→ **ASSIGNMENT**: Go to the line below containing "quinqué verde antiguo" and print exactly from there through the line containing "Floral Capri Leggings, Purple", both included. Print nothing else.
═══ MATERIAL FOR THIS TASK ═══
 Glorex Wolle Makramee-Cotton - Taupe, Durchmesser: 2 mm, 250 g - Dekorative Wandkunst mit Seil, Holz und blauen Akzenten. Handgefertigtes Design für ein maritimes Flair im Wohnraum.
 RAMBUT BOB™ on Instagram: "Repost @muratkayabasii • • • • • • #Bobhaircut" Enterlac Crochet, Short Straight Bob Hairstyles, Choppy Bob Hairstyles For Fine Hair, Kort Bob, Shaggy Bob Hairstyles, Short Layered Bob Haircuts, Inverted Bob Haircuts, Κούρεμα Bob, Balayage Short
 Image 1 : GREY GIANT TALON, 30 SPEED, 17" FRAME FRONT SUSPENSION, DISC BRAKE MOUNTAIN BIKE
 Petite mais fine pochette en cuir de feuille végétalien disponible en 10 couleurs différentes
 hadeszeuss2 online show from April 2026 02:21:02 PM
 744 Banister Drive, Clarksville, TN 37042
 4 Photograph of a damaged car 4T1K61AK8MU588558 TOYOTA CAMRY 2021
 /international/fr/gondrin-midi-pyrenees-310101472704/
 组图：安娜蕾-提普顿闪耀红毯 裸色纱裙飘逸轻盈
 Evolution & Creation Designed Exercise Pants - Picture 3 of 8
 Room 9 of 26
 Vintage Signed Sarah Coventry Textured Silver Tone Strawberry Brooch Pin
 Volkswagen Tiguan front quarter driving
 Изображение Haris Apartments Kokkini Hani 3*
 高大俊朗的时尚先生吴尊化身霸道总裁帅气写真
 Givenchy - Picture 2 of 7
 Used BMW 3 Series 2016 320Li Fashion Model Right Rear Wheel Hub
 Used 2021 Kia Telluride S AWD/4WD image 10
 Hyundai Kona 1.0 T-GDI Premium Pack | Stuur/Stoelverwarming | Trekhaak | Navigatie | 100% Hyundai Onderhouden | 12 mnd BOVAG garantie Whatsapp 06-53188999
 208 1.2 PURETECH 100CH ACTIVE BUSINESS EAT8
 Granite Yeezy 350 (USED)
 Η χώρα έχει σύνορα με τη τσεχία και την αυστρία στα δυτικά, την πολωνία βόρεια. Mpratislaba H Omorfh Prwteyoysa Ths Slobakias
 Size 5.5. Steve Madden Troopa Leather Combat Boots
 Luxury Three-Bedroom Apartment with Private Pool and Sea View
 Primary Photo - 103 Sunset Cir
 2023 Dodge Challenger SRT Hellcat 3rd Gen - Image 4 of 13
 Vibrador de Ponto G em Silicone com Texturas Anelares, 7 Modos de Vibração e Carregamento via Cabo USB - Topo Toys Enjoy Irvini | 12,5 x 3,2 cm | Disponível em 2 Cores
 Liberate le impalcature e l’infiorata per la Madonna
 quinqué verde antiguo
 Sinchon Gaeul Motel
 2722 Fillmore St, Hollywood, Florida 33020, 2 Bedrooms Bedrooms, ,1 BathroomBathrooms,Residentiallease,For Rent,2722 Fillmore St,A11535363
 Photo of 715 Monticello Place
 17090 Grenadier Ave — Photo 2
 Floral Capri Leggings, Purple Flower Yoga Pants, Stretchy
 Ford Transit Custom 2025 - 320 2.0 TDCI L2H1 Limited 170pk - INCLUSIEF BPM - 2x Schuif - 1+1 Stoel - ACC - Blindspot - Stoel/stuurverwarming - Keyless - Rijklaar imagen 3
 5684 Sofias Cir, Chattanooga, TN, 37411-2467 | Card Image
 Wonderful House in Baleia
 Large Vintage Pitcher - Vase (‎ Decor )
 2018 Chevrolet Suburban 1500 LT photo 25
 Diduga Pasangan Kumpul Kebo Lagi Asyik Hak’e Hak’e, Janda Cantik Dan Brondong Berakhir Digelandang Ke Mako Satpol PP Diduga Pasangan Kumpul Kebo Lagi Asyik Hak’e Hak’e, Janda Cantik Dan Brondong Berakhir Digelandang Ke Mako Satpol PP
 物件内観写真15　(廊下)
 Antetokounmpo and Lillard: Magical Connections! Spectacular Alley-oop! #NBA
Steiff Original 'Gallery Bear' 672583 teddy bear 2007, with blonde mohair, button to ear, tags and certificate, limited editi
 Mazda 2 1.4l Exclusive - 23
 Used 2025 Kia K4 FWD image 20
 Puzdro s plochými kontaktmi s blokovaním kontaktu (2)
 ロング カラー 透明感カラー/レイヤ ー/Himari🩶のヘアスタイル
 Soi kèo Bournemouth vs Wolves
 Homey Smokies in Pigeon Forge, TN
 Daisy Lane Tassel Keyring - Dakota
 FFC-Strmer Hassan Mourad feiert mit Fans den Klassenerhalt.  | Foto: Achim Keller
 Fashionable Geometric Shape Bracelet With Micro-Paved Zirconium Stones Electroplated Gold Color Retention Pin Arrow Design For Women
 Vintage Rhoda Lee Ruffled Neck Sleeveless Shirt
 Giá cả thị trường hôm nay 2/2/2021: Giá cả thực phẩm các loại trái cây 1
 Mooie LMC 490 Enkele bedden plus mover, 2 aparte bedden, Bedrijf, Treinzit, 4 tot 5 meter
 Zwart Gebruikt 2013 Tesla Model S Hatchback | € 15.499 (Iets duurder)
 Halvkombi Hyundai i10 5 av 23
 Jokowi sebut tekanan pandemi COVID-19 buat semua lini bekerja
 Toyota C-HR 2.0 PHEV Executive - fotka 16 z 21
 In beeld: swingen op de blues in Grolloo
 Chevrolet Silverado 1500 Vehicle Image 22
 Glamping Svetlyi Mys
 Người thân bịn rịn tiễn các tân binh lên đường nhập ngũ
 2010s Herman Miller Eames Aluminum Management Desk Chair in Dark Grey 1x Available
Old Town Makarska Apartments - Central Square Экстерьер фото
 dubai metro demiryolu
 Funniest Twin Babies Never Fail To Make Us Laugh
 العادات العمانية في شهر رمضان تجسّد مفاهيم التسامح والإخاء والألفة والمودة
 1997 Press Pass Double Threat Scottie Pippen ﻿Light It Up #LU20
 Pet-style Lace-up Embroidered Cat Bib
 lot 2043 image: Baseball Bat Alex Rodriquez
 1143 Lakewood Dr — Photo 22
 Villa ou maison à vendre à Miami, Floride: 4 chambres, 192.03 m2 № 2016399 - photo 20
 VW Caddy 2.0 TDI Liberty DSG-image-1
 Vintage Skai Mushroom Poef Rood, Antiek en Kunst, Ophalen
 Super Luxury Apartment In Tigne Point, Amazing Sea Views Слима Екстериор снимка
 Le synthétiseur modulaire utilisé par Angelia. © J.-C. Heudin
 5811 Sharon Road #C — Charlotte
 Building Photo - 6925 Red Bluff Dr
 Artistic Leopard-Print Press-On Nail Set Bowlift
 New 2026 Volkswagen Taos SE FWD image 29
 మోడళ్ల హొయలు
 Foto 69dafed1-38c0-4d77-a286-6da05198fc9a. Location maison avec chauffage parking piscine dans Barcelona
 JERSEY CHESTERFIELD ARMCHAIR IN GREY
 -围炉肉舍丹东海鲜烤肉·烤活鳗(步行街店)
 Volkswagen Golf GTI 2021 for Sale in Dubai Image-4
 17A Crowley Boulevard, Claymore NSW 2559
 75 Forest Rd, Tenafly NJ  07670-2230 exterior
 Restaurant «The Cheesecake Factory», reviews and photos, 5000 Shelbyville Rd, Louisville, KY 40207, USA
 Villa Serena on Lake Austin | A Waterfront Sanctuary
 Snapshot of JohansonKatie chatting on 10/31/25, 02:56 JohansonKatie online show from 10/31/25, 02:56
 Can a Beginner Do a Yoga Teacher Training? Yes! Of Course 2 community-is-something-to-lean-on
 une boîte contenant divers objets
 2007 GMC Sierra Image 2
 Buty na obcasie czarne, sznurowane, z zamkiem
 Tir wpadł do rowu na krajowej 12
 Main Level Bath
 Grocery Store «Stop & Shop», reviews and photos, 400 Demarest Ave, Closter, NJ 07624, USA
═══
→ **THE COMPLETED TASK**:
 quinqué verde antiguo
 Sinchon Gaeul Motel
 2722 Fillmore St, Hollywood, Florida 33020, 2 Bedrooms Bedrooms, ,1 BathroomBathrooms,Residentiallease,For Rent,2722 Fillmore St,A11535363
 Photo of 715 Monticello Place
 17090 Grenadier Ave — Photo 2
 Floral Capri Leggings, Purple Flower Yoga Pants, Stretchy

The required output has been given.